FIG. 1 is a schematic diagram showing an example of a basic configuration on which a roll bearing device according to the present invention is based.

FIG. 2 is a partial view showing one embodiment of the roll bearing device of the present invention.

FIG. 3 is a schematic view showing an example of a conventional roll cloth rolling mill.
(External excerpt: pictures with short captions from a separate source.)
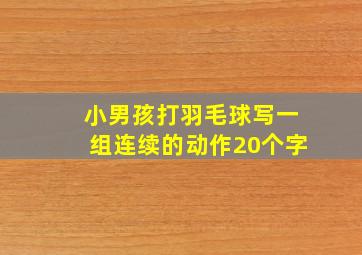 小男孩打羽毛球写一组连续的动作20个字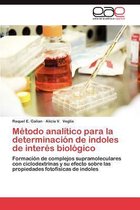 Metodo Analitico Para La Determinacion de Indoles de Interes Biologico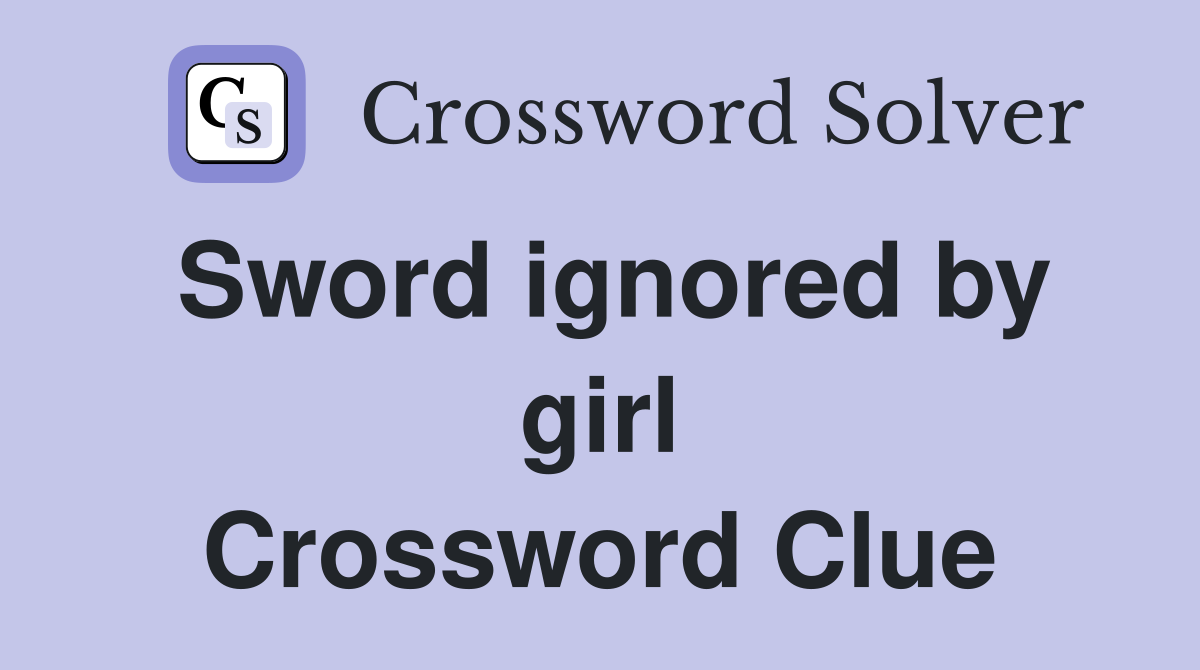 Sword ignored by girl Crossword Clue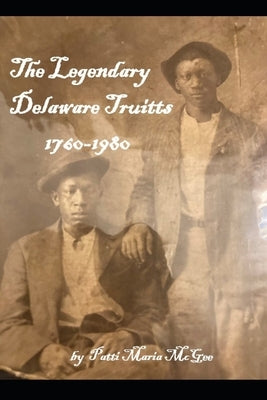 The Legend of the Delaware Truitts: 1760 to 1980 by McGee Msc, Patti Maria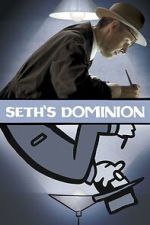 Watch Seth\'s Dominion Freemovieswatch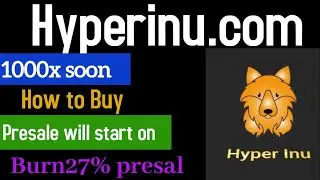 Hyper inu | How to Buy|Presale will start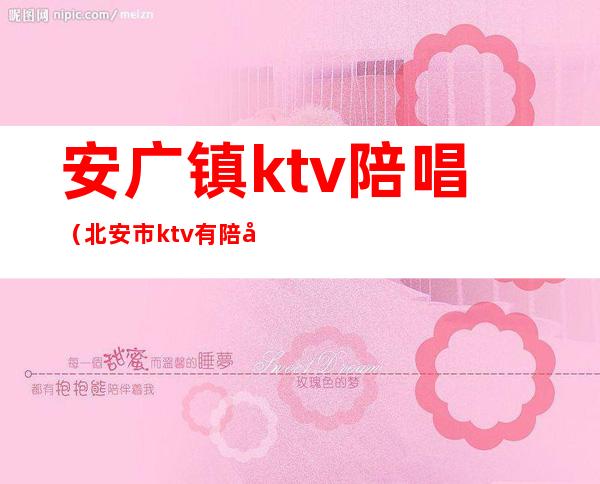 安广镇ktv陪唱（北安市ktv有陪唱吗）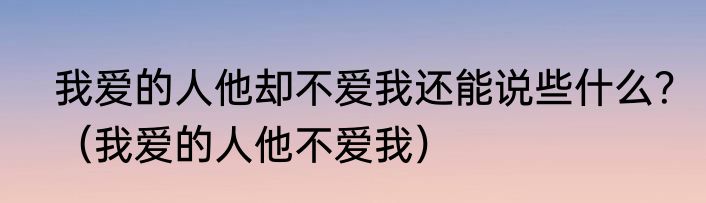 我爱的人他却不爱我还能说些什么？（我爱的人他不爱我）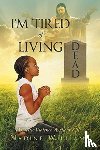 Williams, Nadine - I'm Tired of Living Dead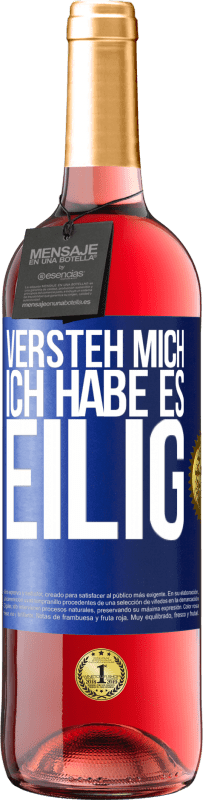 29,95 € Kostenloser Versand | Roséwein ROSÉ Ausgabe Versteh mich, ich habe es eilig Blaue Markierung. Anpassbares Etikett Junger Wein Ernte 2024 Tempranillo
FIG. 4 is a schematic view showing an example of a conventional bearing mechanism.

[Explanation of symbols]

 DESCRIPTION OF SYMBOLS 1 Upper work roll (roll) 1a Roll shaft 6 Radial bearing 8 Axle box 9 Piston 21 Pressure chamber 21a, 21b Pressure chamber part 22a, 22b Fluid introduction path 23a, 23b Fluid quantitative feeding device 24 Fluid discharge path

Continuation of the front page (58) Field surveyed (Int.Cl. ⁷ , DB name) F16C 13/02 F16C 17/02 F16C 32/00 F16C 32/06

Claims (1)

(57) [Claims] 1. A roll bearing device in which a radial bearing housed in an axle box is mounted on a roll shaft to support rotation of the roll, wherein the radial bearing on a roll shaft at one end of the roll is provided. A piston having an outer diameter large enough to be inscribed on the inner surface of the axle box is protruded at a position on the same roll shaft adjacent to the inner periphery of the axle box so as to rotate integrally with the roll shaft. Pressure chambers are formed in the axle box, and fluid introduction paths for supplying fluid to the pressure chambers on both sides of the piston are provided in the axle box, respectively. A fluid metering device configured to quantitatively feed the fluid is connected to the introduction path, and further, the piston in the shaft box is communicated with the pressure chambers at a position where the piston is at a neutral position. The piston toward the roll axis A roll bearing device having a configuration in which a fluid discharge passage is provided for discharging fluid from inside one of the pressure chambers to the outside in accordance with a moving position.